Thanksfor the Clip BobP!



Can you give some background to the video.  I'm guessing the guy in black pants is Systema what did the other guy study?  He kinda looked like a poor Royce Gracie affiliate

Also, what would you say the  Systema practitioner did that demonstrated Systema?  I noticed the punch & mostly hands down position.  But he seemed to just apply a headlock, sweep and attempt to pass guard (ala BJJ & Submission Wrestling) and then the other guy did a sweep and mounted him at which point sombody stopped them because they were off the mats.


----------



## BobP

The best way to get answers to your many questions is really to go and train with some Systema people.


----------



## SilatFan

I suppose what I'm trying to say is that I own several Systema instructional videos and they were always using compliant partners when demonstrationg techniques and concepts.  Which is fine because they are just demonstrations.  But I kinda thought that that was how a practitioner would move when faced with an attack.  I expected guys to move like I've seen VV and MR move but that video showed what I would call  BJJ, Judo, Sambo or Wrestling techniques and progression in action.  

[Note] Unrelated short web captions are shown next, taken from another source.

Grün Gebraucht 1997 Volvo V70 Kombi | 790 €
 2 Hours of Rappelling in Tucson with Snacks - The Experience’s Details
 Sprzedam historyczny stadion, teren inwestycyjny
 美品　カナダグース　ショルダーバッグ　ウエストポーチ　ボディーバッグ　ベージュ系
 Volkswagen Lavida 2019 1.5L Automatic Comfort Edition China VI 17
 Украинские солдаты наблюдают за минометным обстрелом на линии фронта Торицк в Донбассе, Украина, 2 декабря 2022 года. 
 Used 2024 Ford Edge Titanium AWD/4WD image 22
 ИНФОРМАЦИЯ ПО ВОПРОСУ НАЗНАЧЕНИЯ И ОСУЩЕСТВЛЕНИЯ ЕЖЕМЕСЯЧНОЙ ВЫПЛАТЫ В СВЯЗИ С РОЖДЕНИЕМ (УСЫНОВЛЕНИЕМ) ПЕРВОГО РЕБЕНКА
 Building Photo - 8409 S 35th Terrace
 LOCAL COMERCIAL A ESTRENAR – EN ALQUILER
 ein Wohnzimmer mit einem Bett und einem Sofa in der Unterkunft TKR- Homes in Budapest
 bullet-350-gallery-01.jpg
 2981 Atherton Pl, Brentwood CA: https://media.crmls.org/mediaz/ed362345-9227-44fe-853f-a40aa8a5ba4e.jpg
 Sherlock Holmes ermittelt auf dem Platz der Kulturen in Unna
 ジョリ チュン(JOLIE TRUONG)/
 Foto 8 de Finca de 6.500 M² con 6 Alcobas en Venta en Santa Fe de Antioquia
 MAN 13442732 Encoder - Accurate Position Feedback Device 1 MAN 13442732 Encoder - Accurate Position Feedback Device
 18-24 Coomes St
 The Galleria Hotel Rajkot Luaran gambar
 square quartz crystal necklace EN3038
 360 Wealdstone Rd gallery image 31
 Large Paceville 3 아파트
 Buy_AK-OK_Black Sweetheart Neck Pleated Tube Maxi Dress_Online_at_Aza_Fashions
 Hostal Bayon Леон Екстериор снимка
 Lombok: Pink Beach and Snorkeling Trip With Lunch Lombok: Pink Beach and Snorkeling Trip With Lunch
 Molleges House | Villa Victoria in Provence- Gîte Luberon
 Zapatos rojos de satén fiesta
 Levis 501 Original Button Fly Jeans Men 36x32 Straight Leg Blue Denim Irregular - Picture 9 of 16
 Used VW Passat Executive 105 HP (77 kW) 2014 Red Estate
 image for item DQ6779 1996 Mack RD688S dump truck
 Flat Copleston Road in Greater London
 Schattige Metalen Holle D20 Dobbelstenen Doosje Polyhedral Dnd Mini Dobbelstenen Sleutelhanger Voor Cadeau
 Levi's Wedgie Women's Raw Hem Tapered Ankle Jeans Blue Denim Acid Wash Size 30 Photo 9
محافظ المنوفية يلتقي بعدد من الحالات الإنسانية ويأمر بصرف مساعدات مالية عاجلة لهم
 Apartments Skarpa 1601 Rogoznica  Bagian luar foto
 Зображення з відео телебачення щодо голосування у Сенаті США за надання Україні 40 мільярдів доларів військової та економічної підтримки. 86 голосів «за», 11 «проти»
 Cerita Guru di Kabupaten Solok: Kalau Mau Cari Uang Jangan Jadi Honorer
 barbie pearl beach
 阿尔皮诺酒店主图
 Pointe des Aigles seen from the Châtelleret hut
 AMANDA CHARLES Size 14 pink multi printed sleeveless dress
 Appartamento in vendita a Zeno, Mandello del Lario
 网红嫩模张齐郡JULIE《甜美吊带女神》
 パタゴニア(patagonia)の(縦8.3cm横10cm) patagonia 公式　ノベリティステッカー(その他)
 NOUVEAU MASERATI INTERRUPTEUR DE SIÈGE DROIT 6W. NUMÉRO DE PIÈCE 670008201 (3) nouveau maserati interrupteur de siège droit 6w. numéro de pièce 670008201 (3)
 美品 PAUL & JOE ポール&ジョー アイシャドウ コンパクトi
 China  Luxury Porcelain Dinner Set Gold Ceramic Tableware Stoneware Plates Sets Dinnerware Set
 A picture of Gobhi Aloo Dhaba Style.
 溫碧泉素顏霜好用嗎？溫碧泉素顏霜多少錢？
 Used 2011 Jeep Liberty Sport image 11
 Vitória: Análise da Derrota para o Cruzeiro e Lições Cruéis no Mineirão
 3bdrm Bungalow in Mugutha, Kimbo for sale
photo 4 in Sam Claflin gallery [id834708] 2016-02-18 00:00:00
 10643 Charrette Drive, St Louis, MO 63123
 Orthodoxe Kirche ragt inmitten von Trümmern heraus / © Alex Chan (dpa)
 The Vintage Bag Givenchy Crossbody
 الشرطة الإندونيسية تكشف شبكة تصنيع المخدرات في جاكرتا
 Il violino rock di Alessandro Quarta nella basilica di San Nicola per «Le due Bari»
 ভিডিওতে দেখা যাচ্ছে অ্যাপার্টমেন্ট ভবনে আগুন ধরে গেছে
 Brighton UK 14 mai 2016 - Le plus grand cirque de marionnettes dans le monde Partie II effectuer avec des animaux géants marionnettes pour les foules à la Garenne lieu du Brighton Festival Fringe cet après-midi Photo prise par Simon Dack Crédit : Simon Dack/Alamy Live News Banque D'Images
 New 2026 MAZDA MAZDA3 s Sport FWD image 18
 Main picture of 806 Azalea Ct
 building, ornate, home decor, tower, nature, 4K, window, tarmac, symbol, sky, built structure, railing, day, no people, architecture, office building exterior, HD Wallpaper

The guy was pretty relaxed while standing but besides the punch he threw it seemed more like a grappling session starting on the feet. When looking at that video what should my untrained Systema eye look for or notice that would make me say "aha, That is Systema!".  Because that tape looked like to mediocre grapplers squareing off, one landing a punch, clinch into headlock, throw, land into guard, attempt to pass guard, get swept, get mounted and then somebody stops the action.  What am I missing?  I know not everybody moves the same in this art, was that a Systema guy with some grappling experience and thats why it seemed more like a grappling match?


----------



## SilatFan

I just read your last post after I typed the above one.  Sorry for the late addition.  Thanks for the feedback.


----------



## NYCRonin

LOL - depending on which vids you say you own - once you meet and work with Vlad (especially) and some of the older crew in the art....your going to realize that there was little comliance involved, the appearences are very deceiving - the 'work' only looks compliant....There is alot of serious hard unrehearsed or planned movement recorded on tape - but the defenses make it appear so easily done, that non-Systemists often think they are rehearsed set ups.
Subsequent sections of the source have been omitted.